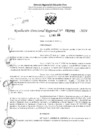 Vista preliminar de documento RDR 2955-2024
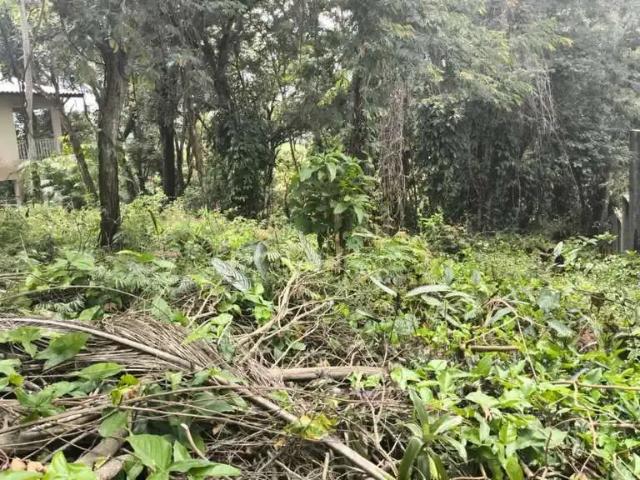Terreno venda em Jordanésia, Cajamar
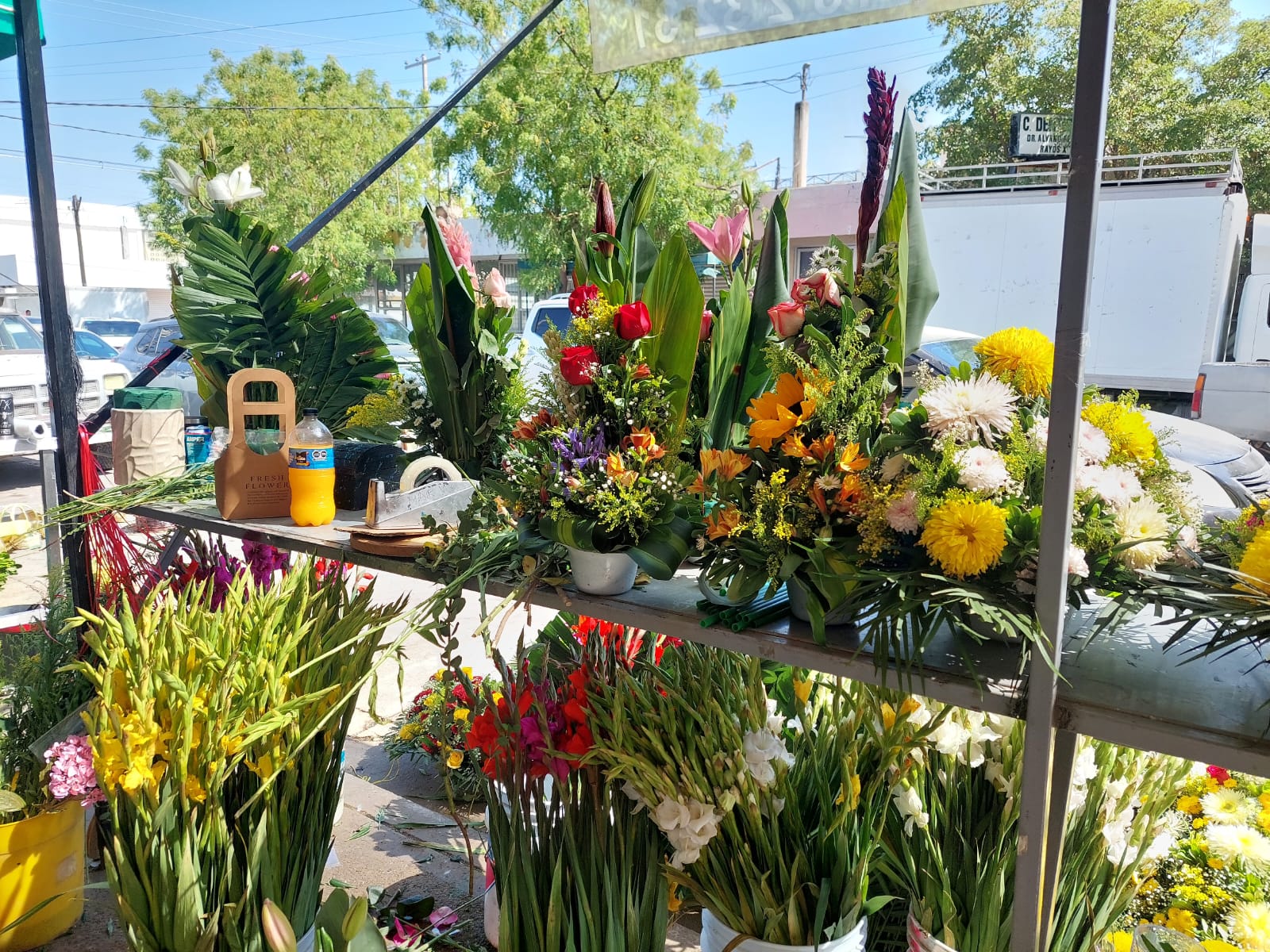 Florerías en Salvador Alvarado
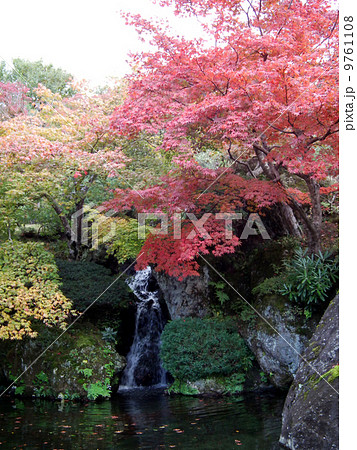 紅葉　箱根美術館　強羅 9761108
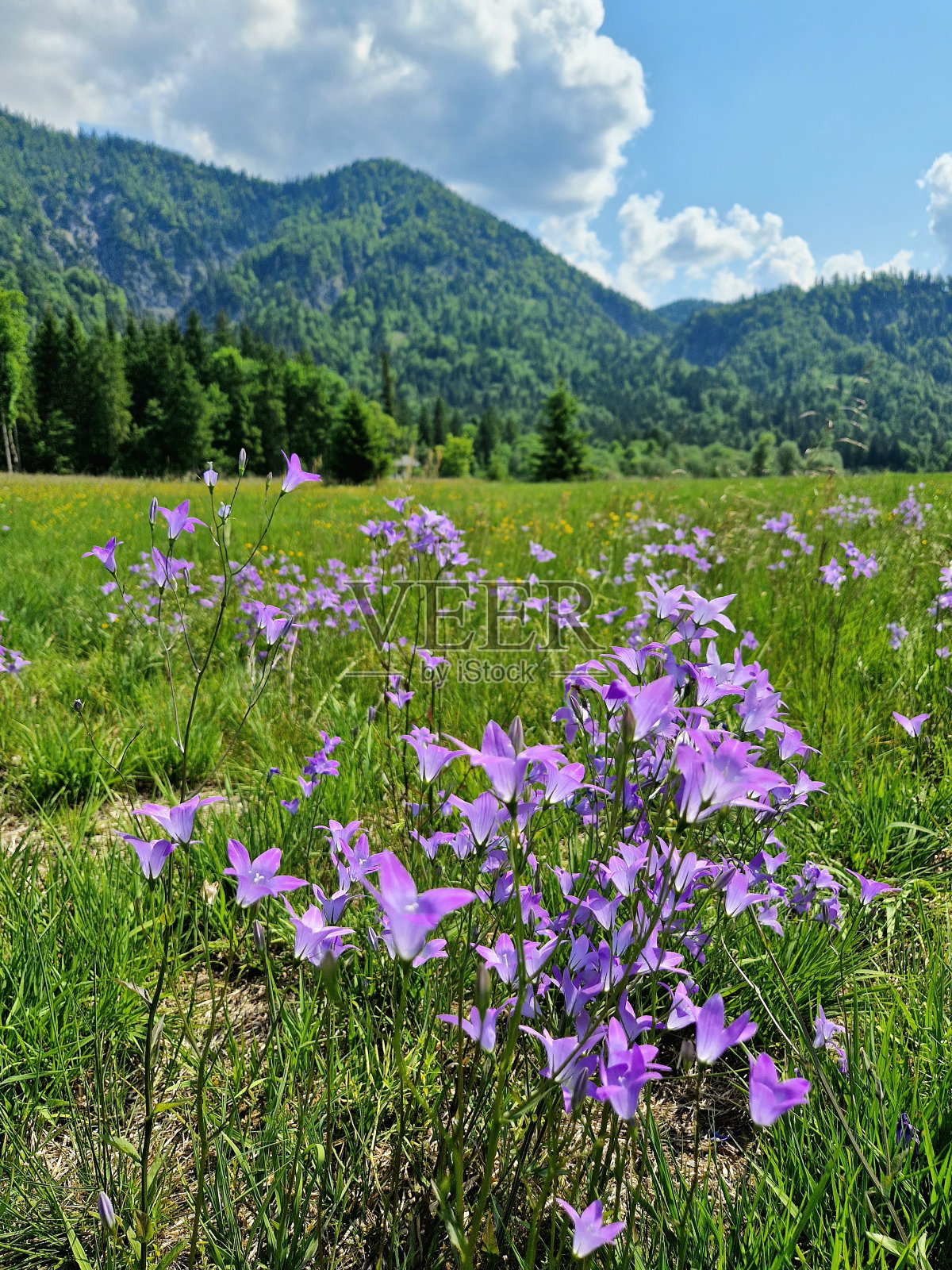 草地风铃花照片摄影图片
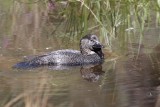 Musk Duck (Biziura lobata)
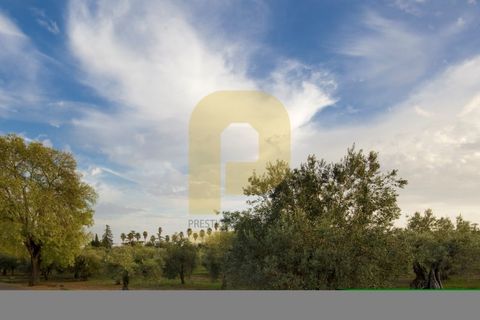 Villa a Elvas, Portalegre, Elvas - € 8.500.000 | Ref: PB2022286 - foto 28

◇ ◇ ◇

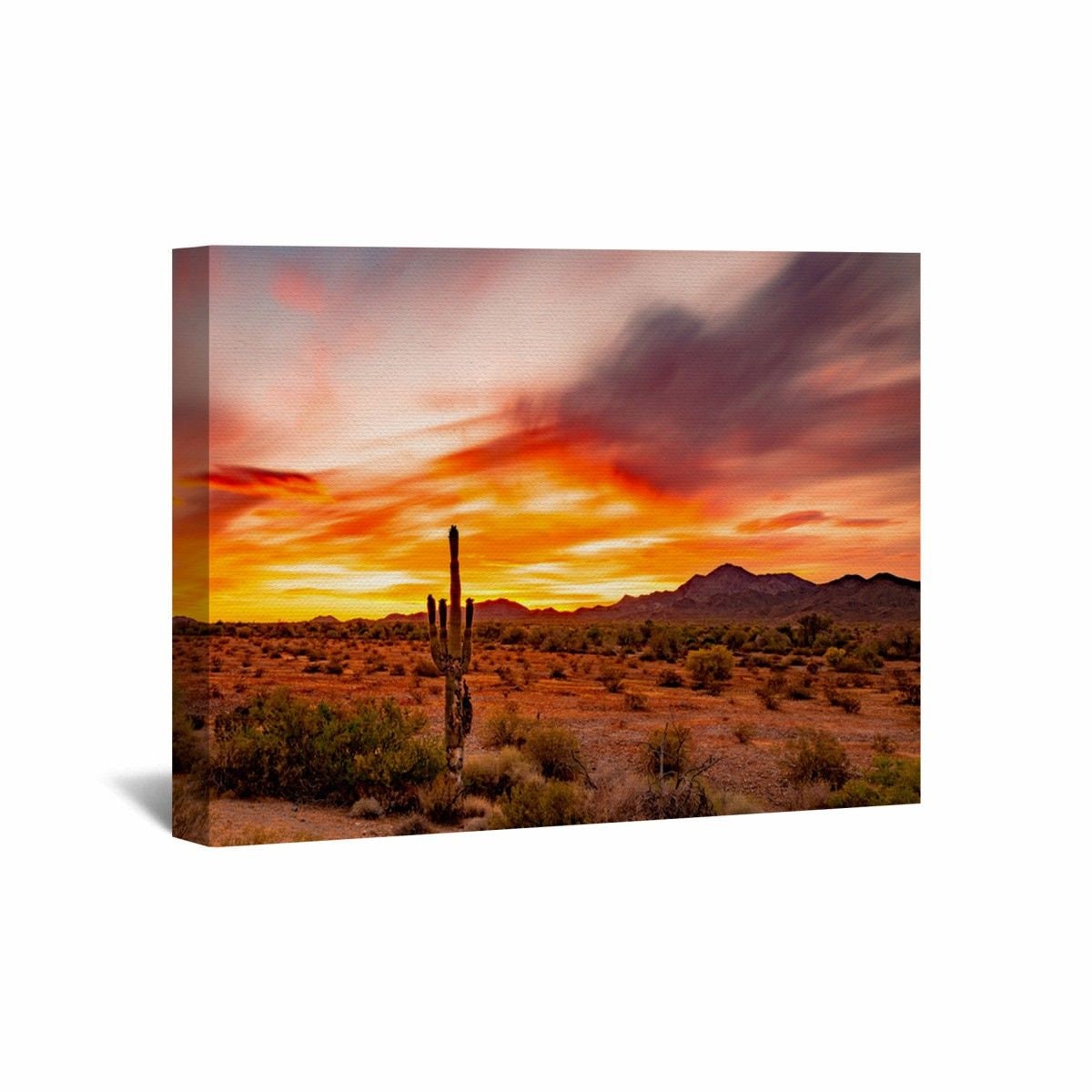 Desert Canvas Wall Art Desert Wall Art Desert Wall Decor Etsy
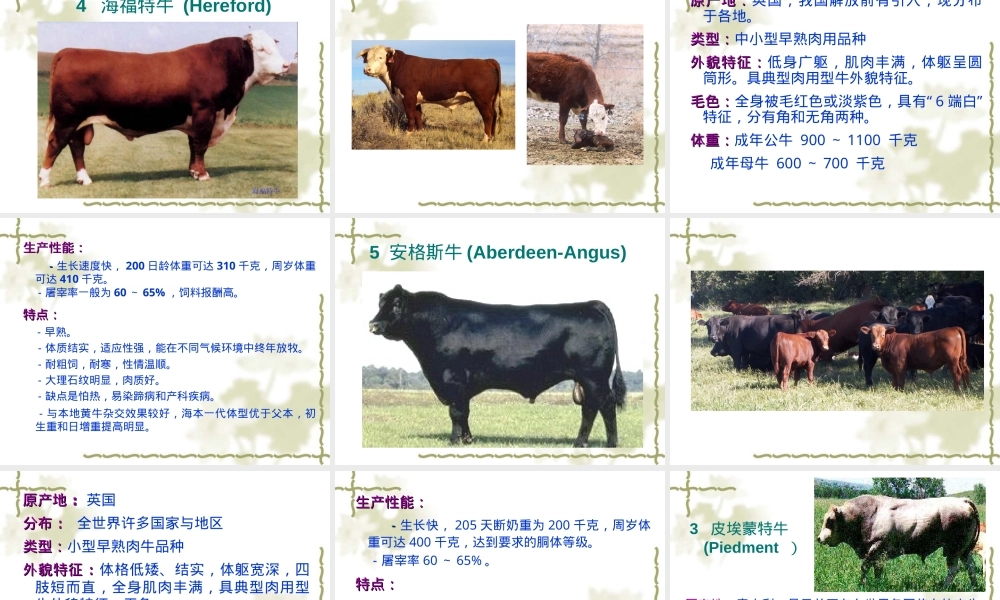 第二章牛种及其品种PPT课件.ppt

◇ ◇ ◇

#### Exercise prompt:
Would you transcribe the lines above exactly, going from the line bearing "Musk Duck (Biziura lobata)" through the line bearing "Villa a Elvas, Portalegre, Elvas", and drop the pictures from the copy?

#### Task answer:
 Musk Duck (Biziura lobata)
 Villa a Elvas, Portalegre, Elvas - € 8.500.000 | Ref: PB2022286 - foto 28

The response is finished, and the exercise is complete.